Government closes Volt probe, says car is safe

DETROIT — The government ended its safety investigation into the Chevrolet Volt on Friday after concluding that the Volt and other electric cars don’t pose a greater fire risk than gasoline-powered cars.

The National Highway Traffic Safety Administration began studying the Volt last June after a fire broke out in one of the cars three weeks after it was crashed as part of safety testing. Two other fires occurred later related to separate safety tests, and NHTSA opened an official investigation into the vehicle on Nov. 25.

The agency and General Motors Co. know of no fires in real-world crashes.
GM and federal safety officials say they believe the fires were caused by coolant leaking from damaged plastic casing around the batteries after side-impact collisions. The coolant caused an electrical short, which sparked battery fires seven days to three weeks after the crashes.

GM announced earlier this month that it will add steel plates to about 12,000 existing Volts to protect the batteries in the event of a crash. The company has sold around 8,000 Volts and 4,000 are still for sale. GM is repairing the vehicles for free. NHTSA didn’t order the recall, as it sometimes does after a safety investigation.
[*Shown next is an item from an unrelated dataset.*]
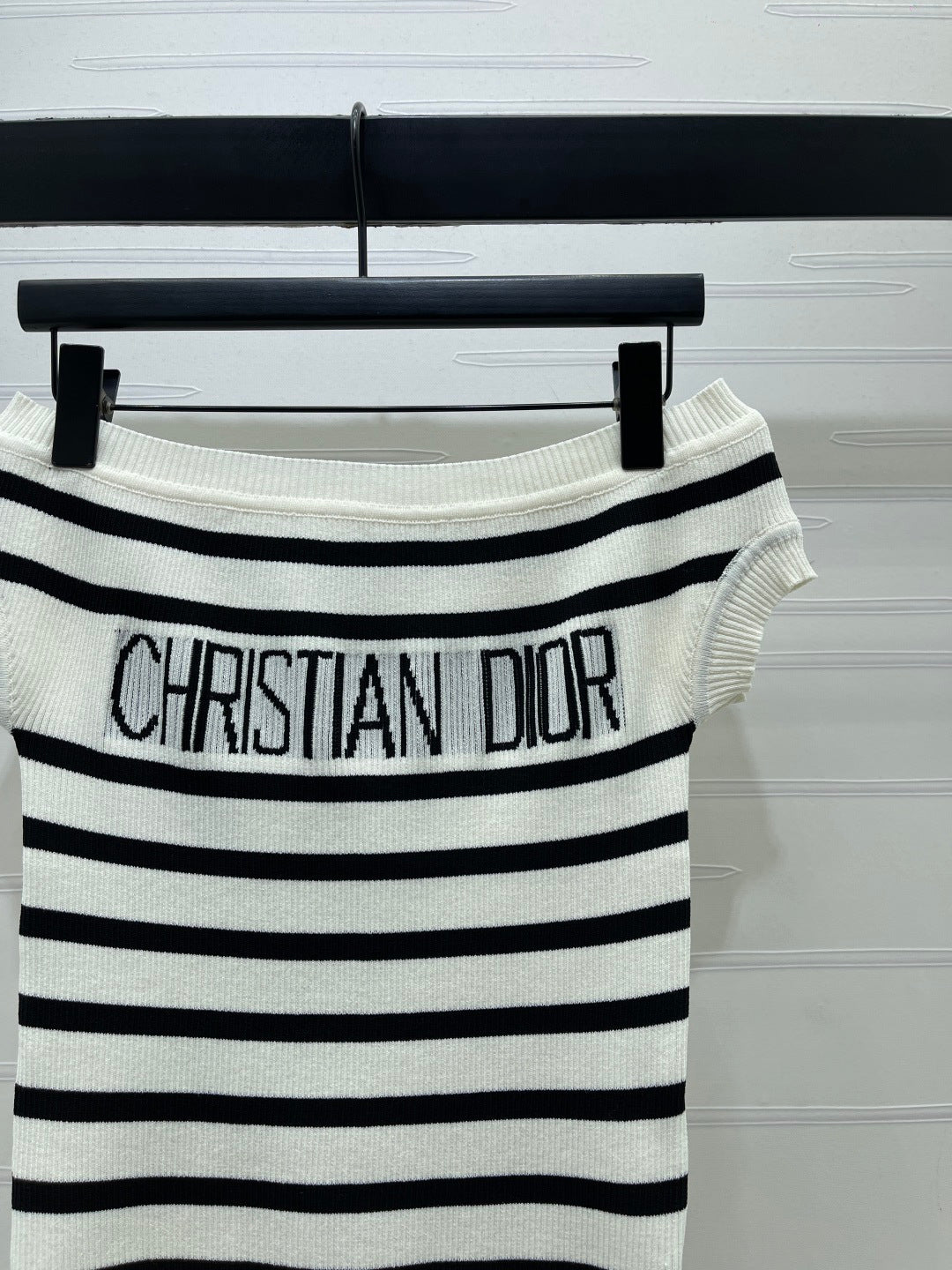 CD Knit Short-Sleeved Sweater Black Cream Wool Cashmere 380758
GM said Friday that NHTSA’s decision to close the investigation is consistent with the results of its own internal testing.

It said the steel plates will provide additional protection and minimize fire risk in the days and weeks after a crash.
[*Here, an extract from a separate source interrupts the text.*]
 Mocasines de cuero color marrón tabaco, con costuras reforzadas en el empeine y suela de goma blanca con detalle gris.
NHTSA said Friday that it “continues to believe that electric vehicles show great promise as a safe and fuel-efficient option,” and that based on available data, electric cars don’t appear to be riskier than gas-powered ones.

But the agency said electric cars do have some specialized components, and the agency has developed guidelines for firefighters and other responders on how to handle electric cars after a crash.

15 Comments

  1. Dollar

    Now that is surprising news.

    #1
  2. tboyinhouston

    Good news for the Volt. Better news is GM is the world’s best selling car company. It was a great decision to bail them out when the government did. All those jobs saved, from the dealerships to parts producers to the plants to everything involved in the auto industry.

    #2
  3. hometown_fan

    Is this a surprise? GM, Government Motors, is bailed out by the government, our government attacks Toyota & Honda, but finds no problem with their car company. Something does not pass the smell test. I’m not a fan of Japan, nor our present government. Let’s get this corruption fixed in November.

    #3
  4. George

    Who ever wrote the lead in the Chronical for this must have stock in Ford or one of the other car makers. It sounds like they feel the car is unsafe. Didn’t take into account the incident happened several DAYS after the damage to the car. Not like a gas powered one that blows up on impact. :)

    #4
  5. iwontletgo

    Big surprise…big government bails out a corrupt corporation and now covers up the car that they subsidized….what a rip off….Chevy would have to pay me to drive one of their vehicles…the crappiest vehicles in the world.

    #5
  6. Mortimer

    How many gasoline cars blow up on impact? You are kidding (I hope). We are decades away from electric vehicles being manufactured and operated at savings to consumers.

    #6
  7. disheveled1

    That is just one problem with those cars and many more to come.Go ahead and buy one for the price.If electricity was free you would never recover the cost.

    #7
  8. morphy

    tboyinhouston is another UNION BO lover. Gov Motors gives a thumbs up to its own product. No Surprise there.

    #8
  9. Flippy

    GM and the Volt are both worthless. GM will still go under in the long run just taking out tax dollars with it.

    #9
  10. TXSFRED

    Yes, I consider anything that is a fire risk safe. That is why I store GASOLINE in my house, not the backyard outbuilding. Anybody else think your Government, who invested YOUR money in the unions of GOVERNMENT MOTORS, is protecting THEIR investment?

    #10
  11. Dalton

    @Mortimer
    Read closer, they don’t blow up on impact, but rather short out and catch fire days later.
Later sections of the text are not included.